Editörlerimizin kaleme aldığı sunuş yazısı, aslında bir nevi bu çalışmanın
özeti hatta manifestosu konumunda…
Bu yazıda geçen “İsmet Özel’in yazarlığı İslam için mücadeleden
ibarettir.” cümlesi bence İsmet Özel’i özetleyen harika bir cümle. Bu cümle
beni o kadar etkiledi ki anlatabilmekten acizim. Ne mutlu ömrünü, kalemini,
şiirini, kelamını İslam’a hasredenlere…
İsmet Özel ismi ile üniversite yıllarımda tanışmıştım. O yıllarda çıkan
Cuma dergisinde yazıları yayınlanıyordu. O dönemin gençliği onun Cuma
Mektupları’nı mutlaka okumuştur. Şiirleri dillerdeydi. Bir neslin İslami
hassasiyetlerle şuurlanmasında onun da çok büyük emek ve katkıları vardır. Bu
sebeple ona bir gönül borcumuz vardır. Bu kâinatta yerini, yönünü ve
yörüngesini arayan gençlere ışık tutan, ona yol gösteren, yordam öğreten bir
hâceydi İsmet Özel bizim için. Bu durumu editörlerimizin de sunuş
yazısında şöyle izah etmişler:
“Özel,
şiirinde de düşünce yazılarında da “evrende yerini arayan insan” mottosuyla
hareket etmiş, hakikat doğrultusu kurmuş, ömrünü bu doğrultuya hasretmiştir.
Onu 1974 yılında Diriliş dergisinde yayımladığı Amentü’ye getiren süreç
şiirinin ve düşüncesinin ayırt edici vasfı niteliğindedir. 1950’li yıllarda
başlayan yeni şiirin en etkili verimlerinden biri olarak şiire başlayan Özel’i
kendi şiiri, kendi üslubuna taşıyan öz bu niteliktir.’’
Yine editörlerimizin de belirttiği gibi İsmet Özel yazarlık hayatı
boyunca “Asıl Cesaret” neyi
gerektiriyorsa onu yazmış, “Zor Zamanda Konuşmak” neyi icap ediyorsa onu
söylemiştir.
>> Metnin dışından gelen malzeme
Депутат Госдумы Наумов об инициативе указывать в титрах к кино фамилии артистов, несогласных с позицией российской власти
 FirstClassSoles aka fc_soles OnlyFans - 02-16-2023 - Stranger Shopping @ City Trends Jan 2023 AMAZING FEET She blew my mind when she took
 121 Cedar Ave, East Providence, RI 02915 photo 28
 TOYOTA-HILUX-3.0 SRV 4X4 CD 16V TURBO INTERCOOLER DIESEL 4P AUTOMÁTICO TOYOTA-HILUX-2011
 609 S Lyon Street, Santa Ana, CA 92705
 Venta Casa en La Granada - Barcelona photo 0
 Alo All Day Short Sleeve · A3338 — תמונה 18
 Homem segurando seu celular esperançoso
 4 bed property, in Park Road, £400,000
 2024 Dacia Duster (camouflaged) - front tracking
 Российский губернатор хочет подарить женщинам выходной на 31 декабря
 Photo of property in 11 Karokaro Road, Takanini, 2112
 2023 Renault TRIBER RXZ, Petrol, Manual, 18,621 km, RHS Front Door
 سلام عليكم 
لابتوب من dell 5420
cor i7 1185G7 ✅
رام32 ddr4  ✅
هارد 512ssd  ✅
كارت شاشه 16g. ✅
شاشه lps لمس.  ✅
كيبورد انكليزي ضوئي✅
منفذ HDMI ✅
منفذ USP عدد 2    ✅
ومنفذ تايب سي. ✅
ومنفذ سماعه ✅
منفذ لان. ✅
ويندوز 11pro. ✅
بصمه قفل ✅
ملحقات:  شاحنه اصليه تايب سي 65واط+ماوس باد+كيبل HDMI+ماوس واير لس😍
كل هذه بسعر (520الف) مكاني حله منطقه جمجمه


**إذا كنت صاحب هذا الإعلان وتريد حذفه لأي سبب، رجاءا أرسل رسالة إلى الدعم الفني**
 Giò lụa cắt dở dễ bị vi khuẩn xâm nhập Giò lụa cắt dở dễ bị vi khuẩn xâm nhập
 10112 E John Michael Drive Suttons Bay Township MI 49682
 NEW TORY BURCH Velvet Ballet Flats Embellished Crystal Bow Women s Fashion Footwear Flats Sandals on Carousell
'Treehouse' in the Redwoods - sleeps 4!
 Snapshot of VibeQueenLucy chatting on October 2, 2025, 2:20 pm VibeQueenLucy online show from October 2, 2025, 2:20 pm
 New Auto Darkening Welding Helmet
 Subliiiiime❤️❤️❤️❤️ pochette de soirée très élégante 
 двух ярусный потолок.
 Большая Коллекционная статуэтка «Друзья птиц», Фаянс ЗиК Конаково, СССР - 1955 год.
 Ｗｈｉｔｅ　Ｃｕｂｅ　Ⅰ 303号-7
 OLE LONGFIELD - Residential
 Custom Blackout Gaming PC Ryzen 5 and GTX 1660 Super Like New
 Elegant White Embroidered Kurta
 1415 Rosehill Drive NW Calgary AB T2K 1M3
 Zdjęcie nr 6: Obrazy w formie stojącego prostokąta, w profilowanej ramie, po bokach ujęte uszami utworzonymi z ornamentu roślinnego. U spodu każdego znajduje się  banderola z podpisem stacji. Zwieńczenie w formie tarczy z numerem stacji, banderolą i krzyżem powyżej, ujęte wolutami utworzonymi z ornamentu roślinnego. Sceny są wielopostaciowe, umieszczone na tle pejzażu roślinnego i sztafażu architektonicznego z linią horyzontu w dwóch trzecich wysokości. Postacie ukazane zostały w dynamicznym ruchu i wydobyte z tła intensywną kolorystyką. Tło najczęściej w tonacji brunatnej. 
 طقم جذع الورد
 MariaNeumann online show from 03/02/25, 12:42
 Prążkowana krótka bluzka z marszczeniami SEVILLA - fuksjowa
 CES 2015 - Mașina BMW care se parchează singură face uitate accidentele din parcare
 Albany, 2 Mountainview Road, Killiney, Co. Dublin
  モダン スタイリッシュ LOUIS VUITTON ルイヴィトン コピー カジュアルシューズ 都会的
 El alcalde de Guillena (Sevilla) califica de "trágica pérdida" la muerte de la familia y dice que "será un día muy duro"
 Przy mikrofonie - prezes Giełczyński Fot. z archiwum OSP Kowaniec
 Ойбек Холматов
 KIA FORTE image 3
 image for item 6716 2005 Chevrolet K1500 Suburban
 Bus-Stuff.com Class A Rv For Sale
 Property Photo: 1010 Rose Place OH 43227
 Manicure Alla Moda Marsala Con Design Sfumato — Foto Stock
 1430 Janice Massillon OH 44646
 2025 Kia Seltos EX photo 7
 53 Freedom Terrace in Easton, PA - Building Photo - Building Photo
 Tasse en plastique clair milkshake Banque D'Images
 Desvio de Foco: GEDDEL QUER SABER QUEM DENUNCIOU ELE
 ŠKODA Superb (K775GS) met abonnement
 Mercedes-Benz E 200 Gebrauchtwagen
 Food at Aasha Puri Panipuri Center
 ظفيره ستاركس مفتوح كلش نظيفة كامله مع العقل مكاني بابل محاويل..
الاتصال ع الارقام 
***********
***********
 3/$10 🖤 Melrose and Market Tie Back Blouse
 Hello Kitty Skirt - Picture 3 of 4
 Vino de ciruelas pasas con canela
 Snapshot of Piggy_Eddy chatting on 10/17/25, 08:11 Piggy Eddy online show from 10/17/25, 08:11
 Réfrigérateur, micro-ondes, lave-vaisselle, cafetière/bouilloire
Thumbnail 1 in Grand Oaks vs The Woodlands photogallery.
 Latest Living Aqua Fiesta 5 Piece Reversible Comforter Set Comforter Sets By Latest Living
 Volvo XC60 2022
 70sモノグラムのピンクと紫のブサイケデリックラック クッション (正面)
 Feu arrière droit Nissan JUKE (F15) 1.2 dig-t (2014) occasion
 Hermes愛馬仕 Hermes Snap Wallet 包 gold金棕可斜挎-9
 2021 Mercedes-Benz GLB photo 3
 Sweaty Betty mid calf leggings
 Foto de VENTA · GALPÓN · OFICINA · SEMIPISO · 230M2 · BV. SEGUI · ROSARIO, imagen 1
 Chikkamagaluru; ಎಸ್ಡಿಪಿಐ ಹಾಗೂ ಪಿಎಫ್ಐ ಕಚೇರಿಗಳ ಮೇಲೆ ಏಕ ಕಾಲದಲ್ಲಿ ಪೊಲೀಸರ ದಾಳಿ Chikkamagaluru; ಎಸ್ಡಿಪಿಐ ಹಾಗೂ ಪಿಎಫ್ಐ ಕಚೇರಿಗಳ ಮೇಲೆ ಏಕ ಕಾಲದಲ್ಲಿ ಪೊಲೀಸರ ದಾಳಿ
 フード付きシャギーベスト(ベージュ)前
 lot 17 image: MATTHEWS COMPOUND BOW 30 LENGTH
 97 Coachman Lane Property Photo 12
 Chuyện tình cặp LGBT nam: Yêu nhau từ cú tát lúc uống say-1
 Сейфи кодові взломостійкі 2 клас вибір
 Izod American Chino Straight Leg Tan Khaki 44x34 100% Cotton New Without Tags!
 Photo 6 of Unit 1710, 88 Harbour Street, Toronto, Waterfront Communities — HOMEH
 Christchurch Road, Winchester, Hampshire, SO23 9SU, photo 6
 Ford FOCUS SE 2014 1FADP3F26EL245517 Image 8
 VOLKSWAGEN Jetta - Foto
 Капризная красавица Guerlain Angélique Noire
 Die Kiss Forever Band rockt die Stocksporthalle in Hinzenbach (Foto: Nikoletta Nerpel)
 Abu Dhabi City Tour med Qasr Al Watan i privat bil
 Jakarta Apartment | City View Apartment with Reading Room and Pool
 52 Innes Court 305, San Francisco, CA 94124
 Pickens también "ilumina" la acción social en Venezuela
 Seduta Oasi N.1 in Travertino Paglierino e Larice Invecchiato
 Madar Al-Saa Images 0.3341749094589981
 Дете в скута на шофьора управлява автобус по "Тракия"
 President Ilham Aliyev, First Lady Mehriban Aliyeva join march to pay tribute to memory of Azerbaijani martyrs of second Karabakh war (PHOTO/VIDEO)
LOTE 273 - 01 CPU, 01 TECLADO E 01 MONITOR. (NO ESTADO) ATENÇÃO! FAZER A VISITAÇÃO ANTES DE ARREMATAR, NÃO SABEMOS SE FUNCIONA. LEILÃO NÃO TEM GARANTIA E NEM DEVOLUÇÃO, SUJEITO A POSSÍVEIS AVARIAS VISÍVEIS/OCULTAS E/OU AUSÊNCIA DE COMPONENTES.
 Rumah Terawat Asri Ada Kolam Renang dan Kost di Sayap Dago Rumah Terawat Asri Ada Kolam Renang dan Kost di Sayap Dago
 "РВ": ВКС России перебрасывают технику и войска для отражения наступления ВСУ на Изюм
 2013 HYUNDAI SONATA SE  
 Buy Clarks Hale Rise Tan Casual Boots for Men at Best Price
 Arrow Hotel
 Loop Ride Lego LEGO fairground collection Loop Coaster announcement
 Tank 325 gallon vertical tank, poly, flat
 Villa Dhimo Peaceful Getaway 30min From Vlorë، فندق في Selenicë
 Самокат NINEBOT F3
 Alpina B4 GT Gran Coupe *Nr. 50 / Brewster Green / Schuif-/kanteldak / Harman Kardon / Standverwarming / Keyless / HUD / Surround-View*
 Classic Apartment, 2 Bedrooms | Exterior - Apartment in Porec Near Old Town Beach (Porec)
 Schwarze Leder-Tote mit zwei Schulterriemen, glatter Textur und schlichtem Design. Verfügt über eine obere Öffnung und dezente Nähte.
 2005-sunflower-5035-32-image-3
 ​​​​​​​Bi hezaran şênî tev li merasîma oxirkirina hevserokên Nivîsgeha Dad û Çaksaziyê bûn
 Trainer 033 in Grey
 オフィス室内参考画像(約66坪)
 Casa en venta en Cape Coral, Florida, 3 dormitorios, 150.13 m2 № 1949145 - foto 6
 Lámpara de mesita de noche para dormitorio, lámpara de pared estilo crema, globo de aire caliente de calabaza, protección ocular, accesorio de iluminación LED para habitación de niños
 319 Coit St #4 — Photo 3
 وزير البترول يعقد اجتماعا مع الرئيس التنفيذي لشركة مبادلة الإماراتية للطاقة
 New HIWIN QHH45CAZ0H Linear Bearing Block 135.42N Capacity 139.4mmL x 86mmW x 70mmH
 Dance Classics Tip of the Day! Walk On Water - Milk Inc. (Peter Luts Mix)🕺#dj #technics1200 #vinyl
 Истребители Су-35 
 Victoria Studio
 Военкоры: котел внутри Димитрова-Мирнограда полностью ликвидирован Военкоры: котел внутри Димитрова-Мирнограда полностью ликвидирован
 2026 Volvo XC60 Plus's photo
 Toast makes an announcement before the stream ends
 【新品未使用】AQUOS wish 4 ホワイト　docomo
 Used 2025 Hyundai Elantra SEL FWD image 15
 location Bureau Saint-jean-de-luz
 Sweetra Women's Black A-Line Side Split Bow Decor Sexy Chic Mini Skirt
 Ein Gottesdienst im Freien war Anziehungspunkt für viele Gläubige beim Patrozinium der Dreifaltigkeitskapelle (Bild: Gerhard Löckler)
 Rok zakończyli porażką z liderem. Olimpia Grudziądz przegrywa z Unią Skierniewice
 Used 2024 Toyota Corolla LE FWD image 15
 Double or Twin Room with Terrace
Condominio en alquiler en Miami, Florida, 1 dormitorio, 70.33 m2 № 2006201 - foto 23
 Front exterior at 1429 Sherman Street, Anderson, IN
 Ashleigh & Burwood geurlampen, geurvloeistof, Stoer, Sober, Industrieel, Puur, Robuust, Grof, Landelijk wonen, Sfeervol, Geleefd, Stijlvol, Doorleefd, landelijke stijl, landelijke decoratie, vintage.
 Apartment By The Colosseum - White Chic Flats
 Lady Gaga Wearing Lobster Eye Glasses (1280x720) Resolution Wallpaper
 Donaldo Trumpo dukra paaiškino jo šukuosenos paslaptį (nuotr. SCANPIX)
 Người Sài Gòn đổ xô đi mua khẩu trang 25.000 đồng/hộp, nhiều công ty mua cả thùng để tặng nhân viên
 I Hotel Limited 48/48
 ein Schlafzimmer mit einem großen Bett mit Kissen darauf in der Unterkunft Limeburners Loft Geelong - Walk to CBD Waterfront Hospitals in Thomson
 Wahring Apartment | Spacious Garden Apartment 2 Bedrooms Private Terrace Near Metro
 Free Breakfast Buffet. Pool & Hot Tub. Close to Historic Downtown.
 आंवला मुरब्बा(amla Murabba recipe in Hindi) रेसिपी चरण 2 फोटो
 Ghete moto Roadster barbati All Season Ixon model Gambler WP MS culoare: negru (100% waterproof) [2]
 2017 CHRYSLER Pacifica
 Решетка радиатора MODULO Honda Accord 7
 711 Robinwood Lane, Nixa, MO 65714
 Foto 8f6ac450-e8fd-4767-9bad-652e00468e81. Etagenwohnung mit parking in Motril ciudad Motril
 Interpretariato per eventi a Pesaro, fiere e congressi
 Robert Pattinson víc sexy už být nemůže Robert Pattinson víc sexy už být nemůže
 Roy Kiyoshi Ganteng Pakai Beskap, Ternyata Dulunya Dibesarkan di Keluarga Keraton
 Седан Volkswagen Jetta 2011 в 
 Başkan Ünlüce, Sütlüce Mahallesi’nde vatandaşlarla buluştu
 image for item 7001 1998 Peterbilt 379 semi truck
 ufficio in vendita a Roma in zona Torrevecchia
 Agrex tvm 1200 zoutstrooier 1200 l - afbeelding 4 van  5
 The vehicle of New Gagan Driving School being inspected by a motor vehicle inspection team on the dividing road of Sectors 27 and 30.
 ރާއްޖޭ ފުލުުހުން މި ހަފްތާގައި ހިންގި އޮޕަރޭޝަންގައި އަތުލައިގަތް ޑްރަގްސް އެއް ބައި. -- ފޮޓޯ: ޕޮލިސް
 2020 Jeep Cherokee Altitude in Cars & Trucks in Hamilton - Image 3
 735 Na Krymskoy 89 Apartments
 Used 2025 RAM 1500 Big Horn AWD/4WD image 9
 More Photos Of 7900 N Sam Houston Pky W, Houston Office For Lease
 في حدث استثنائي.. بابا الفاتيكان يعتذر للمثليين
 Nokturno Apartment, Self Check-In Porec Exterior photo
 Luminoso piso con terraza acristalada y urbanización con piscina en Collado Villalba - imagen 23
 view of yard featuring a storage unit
Onun bu yönü, “nasıl dava adamı, fikir adamı ve Müslüman
olunur?” sorularının canlı cevabı gibidir. Ondan öğreneceğimiz daha çok şey
vardır.
Bu eserin vücuda gelmesinde katkıda bulunan değerli yazarlarımıza,
hocalarımıza da ayrı ayrı teşekkür ediyorum. İçindekiler kısmına hızlıca bir
göz attığımda; Hasan Aycın, Osman Özbahçe, Mehmet Solak, Faruk Uysal, Ali
Ayçil, Hüseyin Akın, A. Ali Ural, İbrahim Demirci, Selçuk Küpçük, İsmail
Süphandağlı, Mustafa Kurt, Şaban Sağlık, Necip Tosun, Mustafa Çiftçi, Nureddin
Durman, Asım Öz, Muhammed Hüküm, Mehmet Evkuran, Kamil Yeşil, Yunus Emre
Altuntaş, Şafak Çelik, Ahmet Edip Başaran, Ali Sali, Mustafa Uçurum, İbrahim
Tüzer, Kemal S. Sayar, Nuray Alper ve Ertan Yıldırım gibi tanıdık isimlerle
karşılaşıyorum.
Bu çalışmada bendenize de bir yazı ile katkıda bulunma bahtiyarlığını
yaşatan kıymetli editörlerimize ve özellikle Faruk Uysal hocama teşekkürü bir
borç bilirim.
Bu önemli eser gerçekten her türlü takdirin üzerindedir. Bize ve
edebiyatımıza böylesine önemli bir eser kazandıran Hece Dergisi sahibi Ömer
Faruk Ergezen’e, yayın kuruluna ve eseri hazırlayan editörlerimize bir kez daha
teşekkür ediyorum.
Değerli üstadımız İsmet Özel’e de sağlıklı nice uzun yıllar yaşamasını ve
bizlere daha nice eserler vermesini diliyorum.